Goldman Sachs Goes Natural (Gas)

Perhaps no investment bank has suffered more in recent quarters than Goldman Sachs (NYSE: GS).Goldman_Sachs.image
In its latest quarter, Goldman Sachs reported revenues that were down 40% from a year earlier. Goldman Sachs suffered from a lack of activity – underwriting, deals and trading – in the first quarter of 2016.
That’s an embarrassment for certain for the company that Matt Taibbi of Rolling Stone famously called a “vampire squid” in 2009.
The solution for Goldman? To expand its business lines.
That’s why the company’s tentacles have now reached into the physical trading of U.S. natural gas through its commodity arm, J Aron.

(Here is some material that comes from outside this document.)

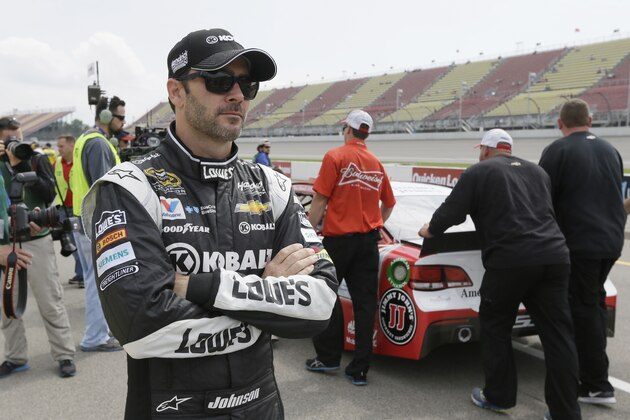 Jimmie Johnson waits on pit row before qualifying for Sunday's NASCAR Sprint Cup series auto race at Michigan International Speedway, Friday, June 12, 2015, in Brooklyn, Mich. (AP Photo/Carlos Osorio)
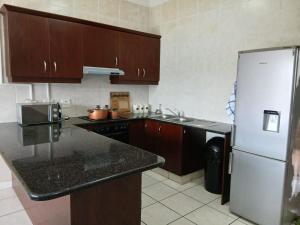 a kitchen with brown cabinets and a white refrigerator at 54 Topanga Holiday Accommodation in Margate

Goldman Sachs, the Gas Trader

Goldman Sachs became a natural gas marketer in 2010 when it purchased the natural gas marketing division of Canadian energy firm Nexen. In 2013, this company was acquired by China’s CNOOC (NYSE: CEO).
Today, Goldman surpasses even energy giants ExxonMobil (NYSE: XOM) and Chevron (NYSE: CVX) in natural gas marketing.
In 2015, the company bought and sold 1.2 trillion cubic feet of natural gas, double what it sold just two years ago. That figure is the equivalent of a quarter of the country’s residential gas consumption.
Breaking the number down further, Goldman’s gas volumes rose 71% from 2011 levels to 5.8 billion cubic feet per day in 2015. That figure, from Natural Gas Intelligence, placed the investment bank seventh on the list of U.S. natural gas traders.

Goldman Sachs, Gas and Mexico

This move into the physical trading of natural gas looks to be a smart move for Goldman Sachs.
First, it can be very lucrative. Think the “Polar Vortex” in 2014.
I believe natural gas prices may have bottomed here too in the $2.00 per million BTU range. Goldman itself projects natural gas prices may rise to $2.85 per million BTU this year.
Famed hedge fund manager David Einhorn of Greenlight Capital also foresees higher natural gas prices over the next few years roughly in the same price range as Goldman. Einhorn points to the lack of drilling at these low gas prices. Natural gas prices have been in a steep decline since early 2014.
Goldman is also taking advantage of the boom in U.S. natural gas exports to Mexico. It supplies the plants powering the mines owned by mining powerhouse Grupo Mexico (OTC: GMBXF) in Sonora. Last year, Goldman exported 22 billion cubic feet of gas for use by Grupo Mexico.
I look for Goldman to find lots of other customers in Mexico for its gas. Here’s why:
In 2015, Mexico imported 2.9 billion cubic feet of natural gas per day. Natural gas now accounts for 60% of Mexico’s electricity generation, according to Goldman. That should climb in the years ahead. According to IHS Energy, Mexican natural gas imports from the U.S. will rise to 4.4 billion cubic feet per day by 2020.

Other Factors in the Scenario

There are other reasons behind Goldman’s big move into gas trading.
Dealing in physical commodities is exempt from the Volcker rule. That rule bans proprietary trading by the big Wall Street banks. However, the Federal Reserve and other regulators are considering implementing new rules for banks involved with the handling of physical commodities.
And Goldman gets into a business that is not correlated to the ups and downs of Wall Street. Natural gas prices will move up and down based on weather and the supply/demand for that market alone. Nat gas doesn’t care what stocks do.
So I fully expect Goldman Sachs to even further expand its reach in natural gas.
To that end, Goldman recently hired Jeremy Taylor. He comes from the Swiss commodity merchant Mercuria Energy Trading. Taylor was the head of Mercuria’s North American natural gas and power trading division.
Natural gas trading may turn out to be one of Goldman Sachs’ very best businesses. Unless regulators change the rules of the game.